* DATA TO EXAMINE
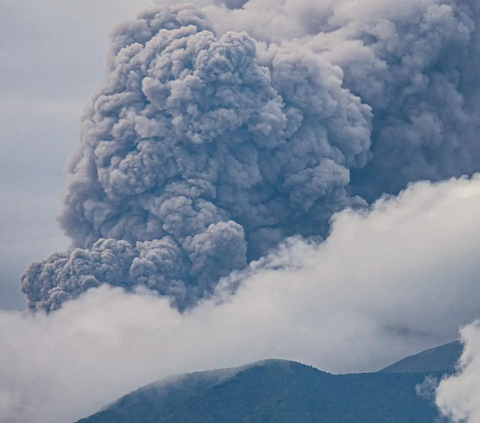 Aktivitas Gunung Marapi yang kembali memperlihatkan muntahan abu vulkanik ke angkasa pada Senin (4/12/2023) pagi. Gunung yang berada di Kabupaten Agam dan Kabupaten Tanah Datar, Provinsi Sumatera Barat ini kembali meletus pada pukul 08.22 WIB.<br>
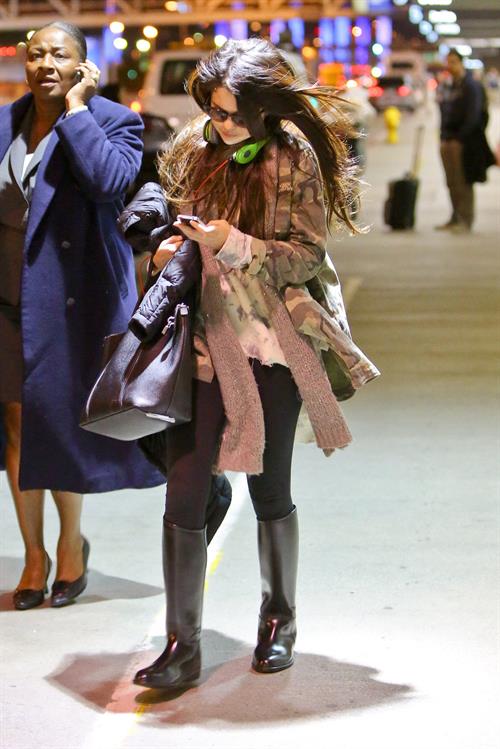 Selena Gomez – LAX airport arrival in LA 1/5/13 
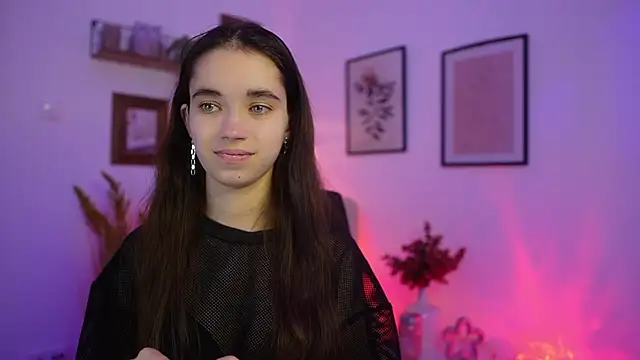 Gia Paige18 online show from November 2025 02:05:01 PM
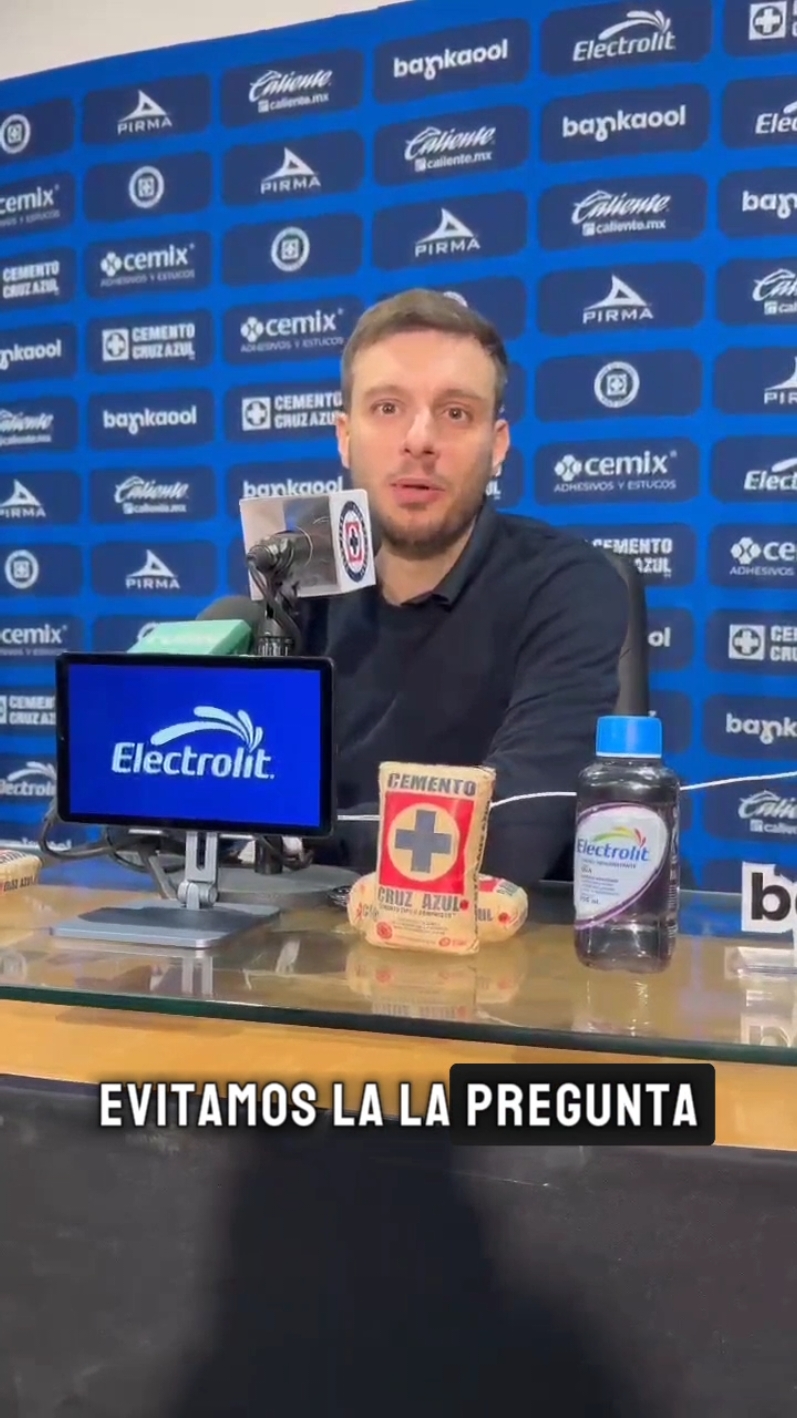 Anselmi no responde preguntas🚨 Pero le manda un mensaje a la afición de Cruz Azul #CruzAzul #MartínAnselmi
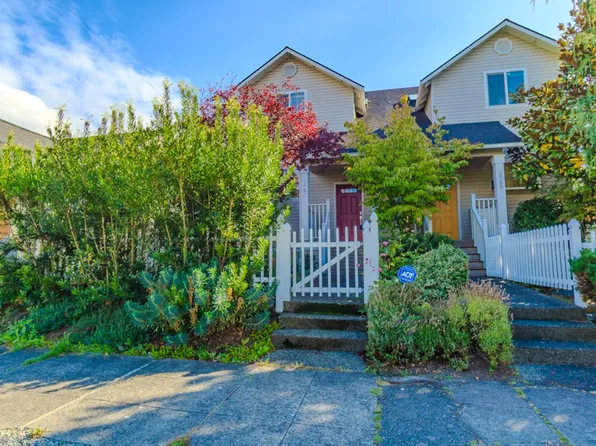 2761 NW 65th St, Seattle, WA 98117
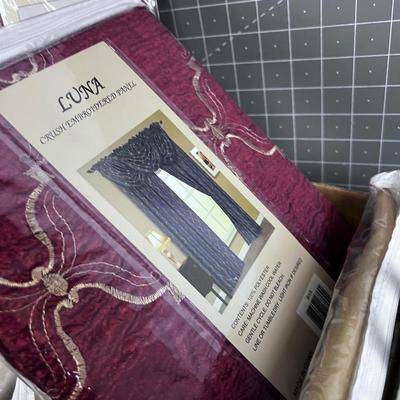 Lot of Drapery Curtains 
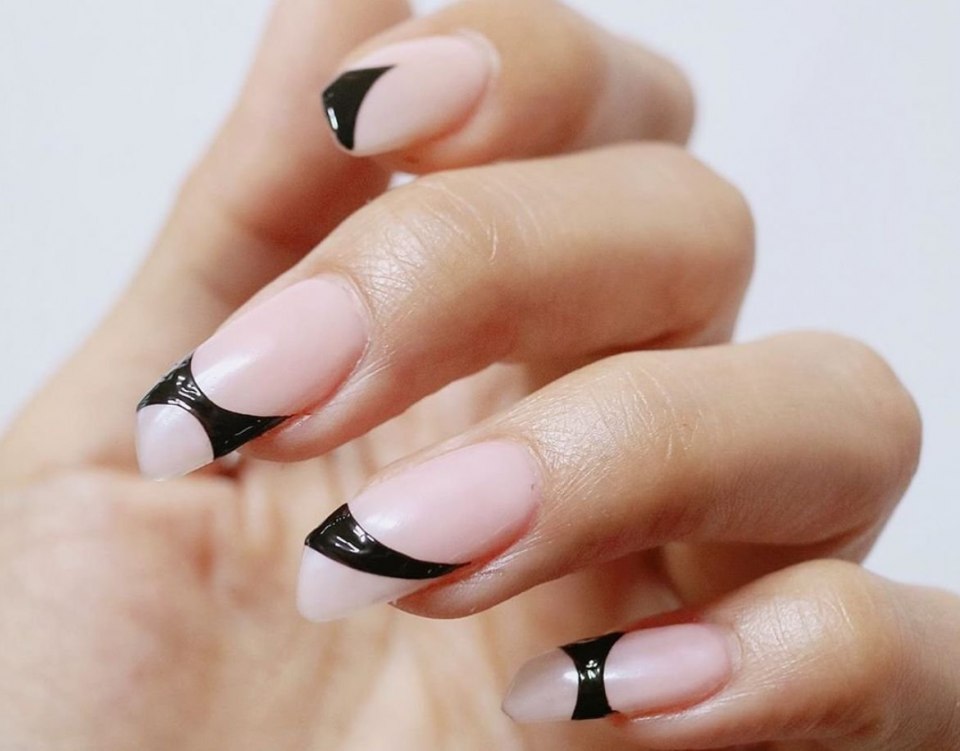 Элегантный маникюр френч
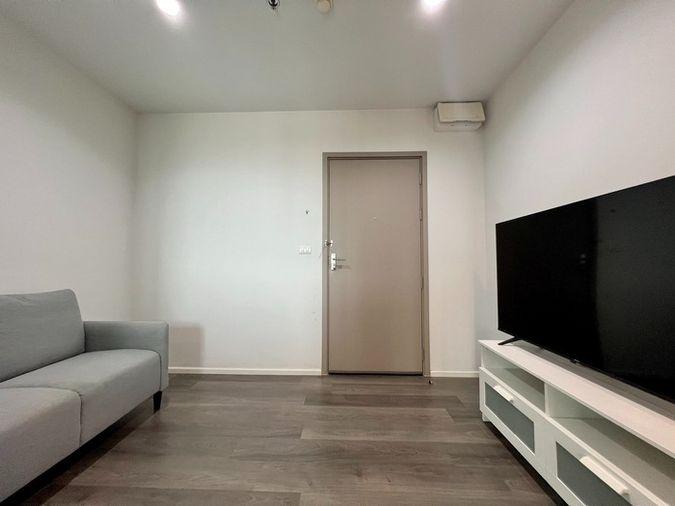 รูป 💖💖ขายถูกมาก(ขายพร้อมผู้เช่า) The Stage Taopoon Interchange / 1 ห้องนอน ขนาด 33 ตรม ราคาเพียง 2.50 ล้านบาท / สอบถามได้นะคะ Line ID = atfirm2010 💖💖 - รูปที่ 4/20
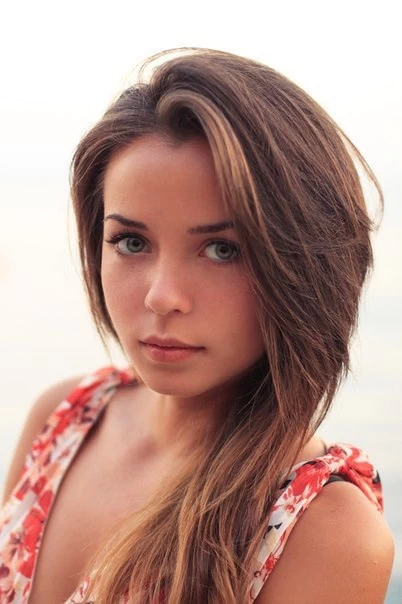 brown hair girl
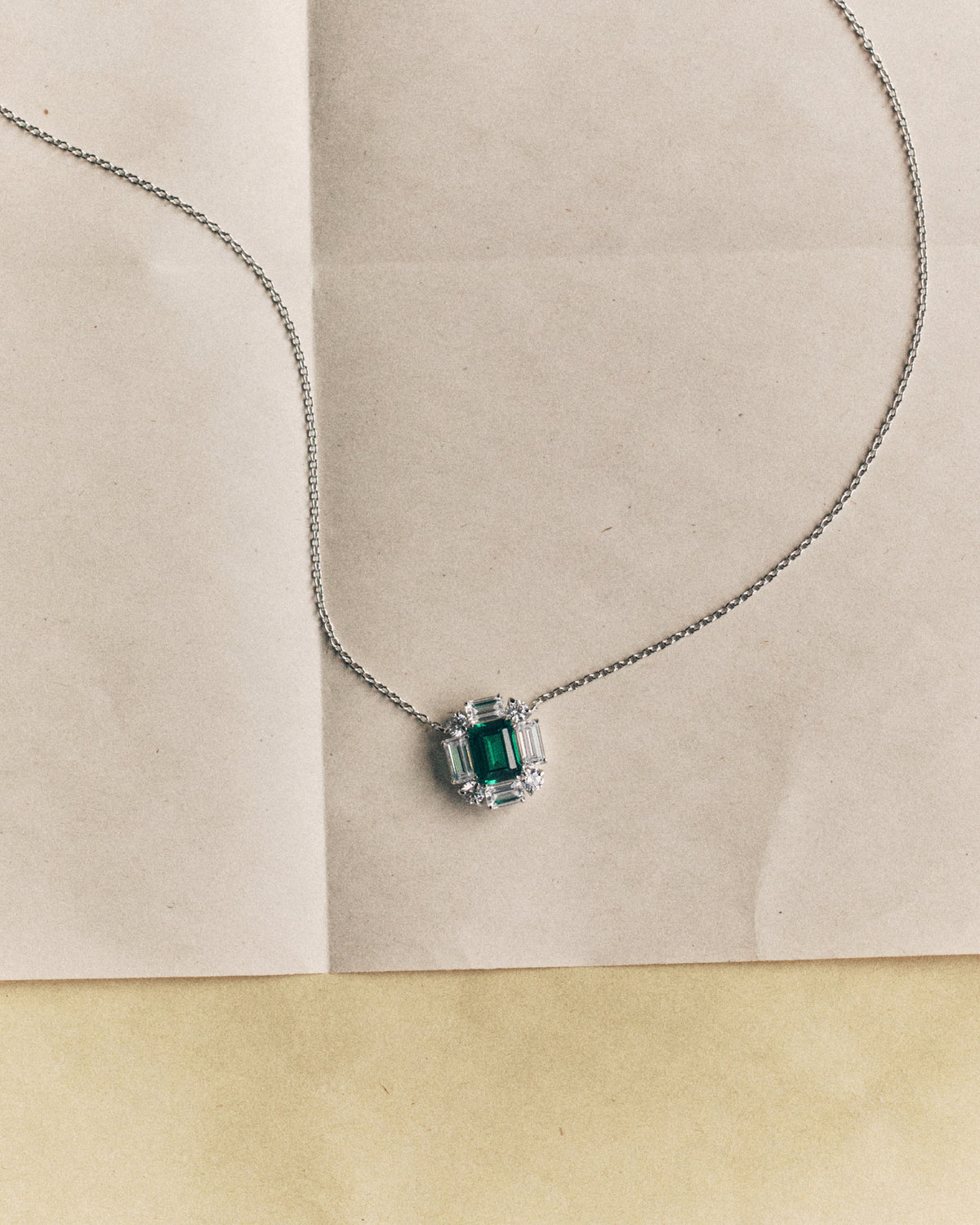 gillian-pendant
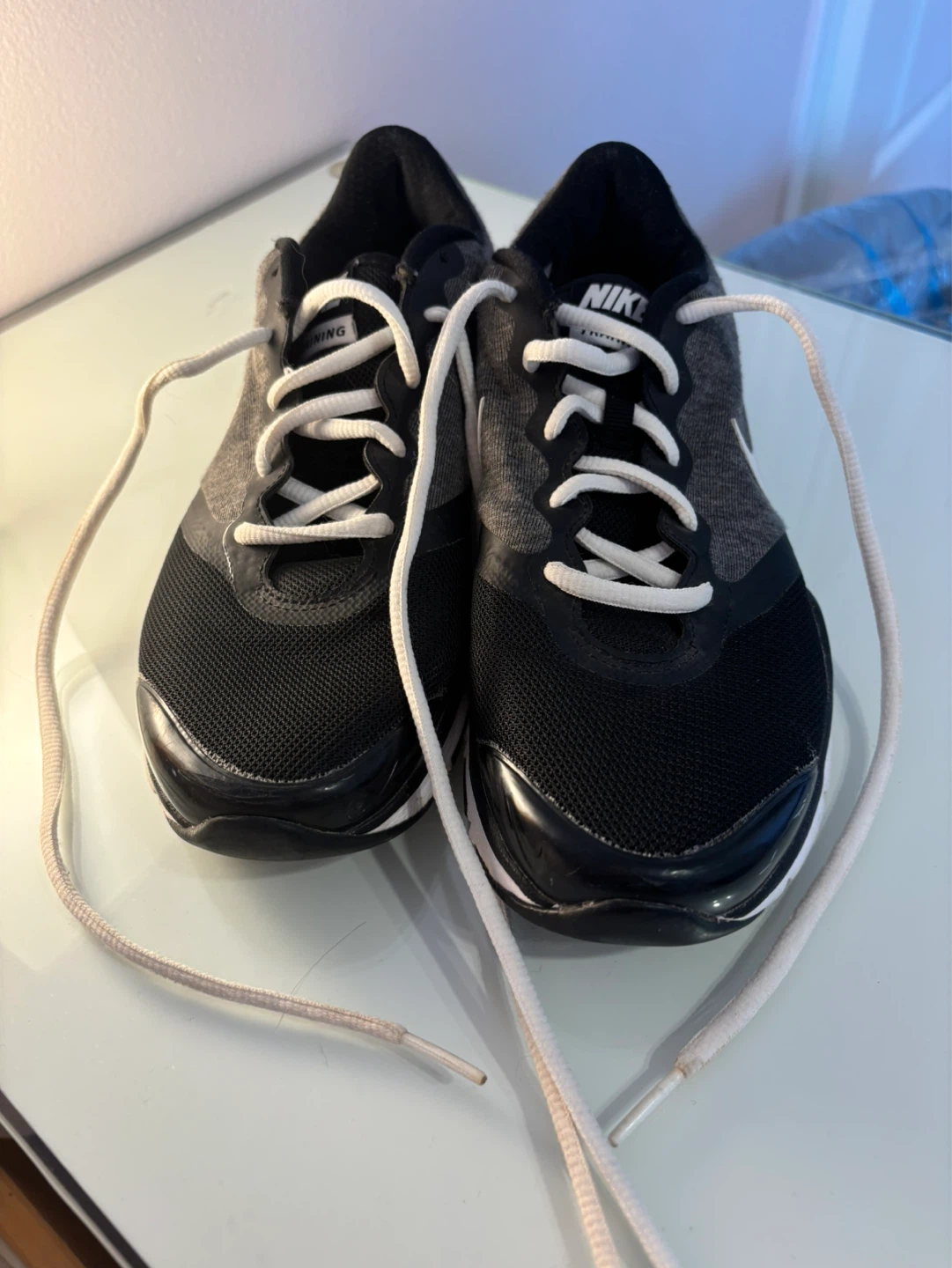 Women’s Grey and Black Nike Training Shoes - photo 2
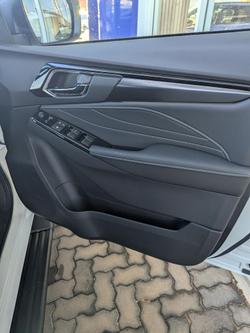 2026 Isuzu MU-X LS-T MY25.5 4X4 Dual Range Mineral White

* WHAT IS REQUIRED
Omitting all pictures, copy the preceding entries without any alteration.

* ANSWER SECTION
 Aktivitas Gunung Marapi yang kembali memperlihatkan muntahan abu vulkanik ke angkasa pada Senin (4/12/2023) pagi. Gunung yang berada di Kabupaten Agam dan Kabupaten Tanah Datar, Provinsi Sumatera Barat ini kembali meletus pada pukul 08.22 WIB.<br>
 Selena Gomez – LAX airport arrival in LA 1/5/13 
 Gia Paige18 online show from November 2025 02:05:01 PM
 Anselmi no responde preguntas🚨 Pero le manda un mensaje a la afición de Cruz Azul #CruzAzul #MartínAnselmi
 2761 NW 65th St, Seattle, WA 98117
 Lot of Drapery Curtains 
 Элегантный маникюр френч
 รูป 💖💖ขายถูกมาก(ขายพร้อมผู้เช่า) The Stage Taopoon Interchange / 1 ห้องนอน ขนาด 33 ตรม ราคาเพียง 2.50 ล้านบาท / สอบถามได้นะคะ Line ID = atfirm2010 💖💖 - รูปที่ 4/20
 brown hair girl
 gillian-pendant
 Women’s Grey and Black Nike Training Shoes - photo 2
 2026 Isuzu MU-X LS-T MY25.5 4X4 Dual Range Mineral White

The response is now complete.